O primeiro obstáculo para pessoas trans que buscam atendimento médico é ter suas necessidades exclusivas reconhecidas. Isso inclui o reconhecimento de sua identidade de gênero e orientação sexual pelos prestadores de serviços de saúde, bem como o uso de seu nome social. O contexto social da população transgênero é frequentemente desconsiderado e marginalizado, porque para a maioria a subsistência ainda está relacionada à exploração sexual desses corpos, o que ajuda a perpetuar o estigma em torno de sua saúde, que normalmente só é considerada em termos de prevenção de infecções sexualmente transmissíveis.

A invisibilidade também está presente nas campanhas de saúde, como Outubro Rosa e Novembro Azul. Este, que acontece há quase 20 anos, exclui indivíduos que têm próstata mas não se identificam como homens, a exemplo das mulheres trans, travestis e das pessoas não binárias. Ao não abordar a questão do gênero, a campanha deixa de ser inclusiva e representativa de todos os indivíduos que podem ser afetados pelo câncer de próstata. O conhecido bigode, marca da campanha, é voltado para homens cisgêneros. Da mesma forma, o Outubro Rosa foca na prevenção e no diagnóstico do câncer de mama em mulheres cisgênero. É fundamental enfatizar que todos, inclusive homens transgêneros, travestis e indivíduos não binários, correm o risco de desenvolver a doença. Marginalizar esses grupos em campanhas tão importantes pode aumentar o risco de diagnóstico tardio.

Para construir um ambiente de saúde verdadeiramente inclusivo, é essencial que os profissionais de saúde se eduquem continuamente sobre as experiências específicas das pessoas trans e cultivem empatia para atender às suas necessidades de maneira sensível. Isso envolve adotar práticas e políticas que respeitem a identidade de gênero autodeclarada, garantindo que cada paciente se sinta validado e acolhido em sua singularidade.
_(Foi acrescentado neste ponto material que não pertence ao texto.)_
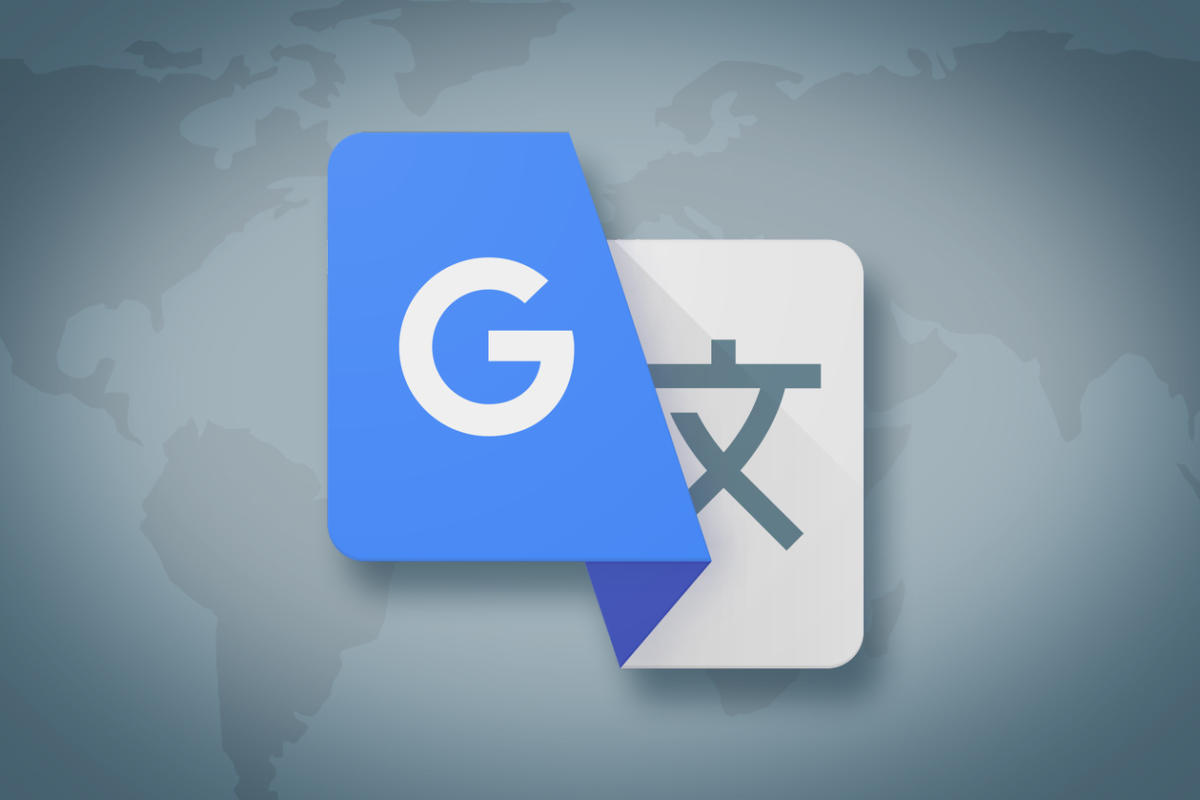 Google translate on Globe image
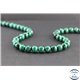 Perles en malachite du Congo - Rondes/8mm - Grade AA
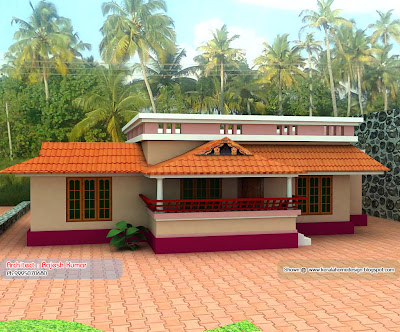 Small Budget House - Home plan and elevation - 1000 Sqid=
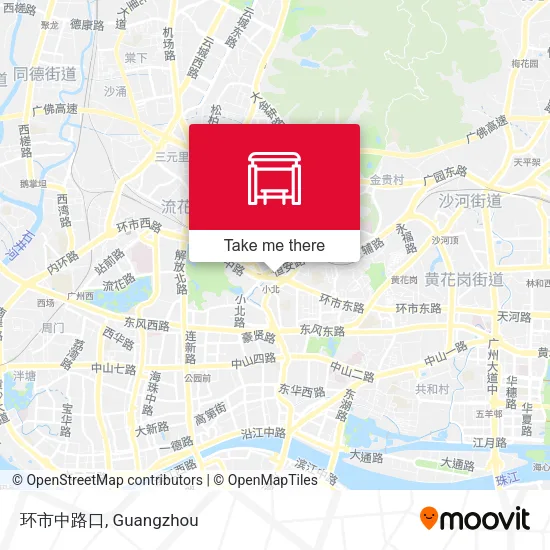 环市中路口 map
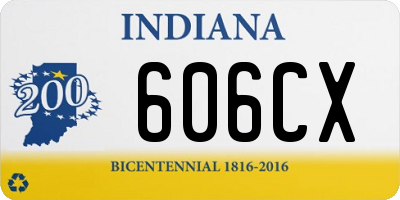 IN license plate 606CX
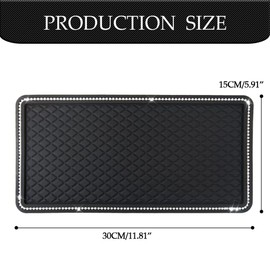 Car Anti-Slip Sticky Gel Pad, Bling Crystal Anti-Slip Phone Holder Dashboard Sticky Pad Non-Slip Mat, Multifunctional Fixate Gel Pads Non-Slip Pad for Cell Phone, Keychains, Sun Glasses, Stand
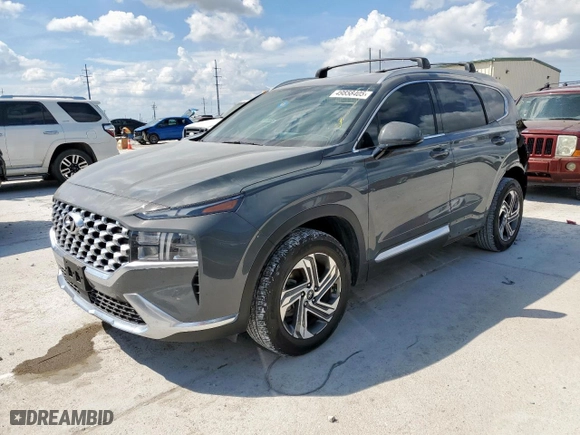 2022 Hyundai Santa Fe SEL with VIN 5NMS24AJ4NH376404, listed as a Copart auction lot 49858405 with 21,392 mi miles and Salvage Title. Bid and sale history available at carsss.com. Image 1.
Além disso, a colaboração com organizações e ativistas que defendem os direitos das pessoas trans pode ser valiosa para promover mudanças sistêmicas no sistema de saúde. A implementação de diretrizes e treinamentos específicos, juntamente com a criação de espaços seguros e inclusivos, contribuirá significativamente para a construção de uma relação de confiança entre profissionais de saúde e pacientes trans.

Ao enfrentar esses desafios de maneira proativa, podemos avançar para um futuro em que a saúde seja verdadeiramente acessível a todos, independentemente de sua identidade de gênero. É um compromisso coletivo criar um ambiente de cuidado que celebre a diversidade e respeite a dignidade de cada indivíduo, construindo, assim, uma sociedade mais justa e inclusiva para todos.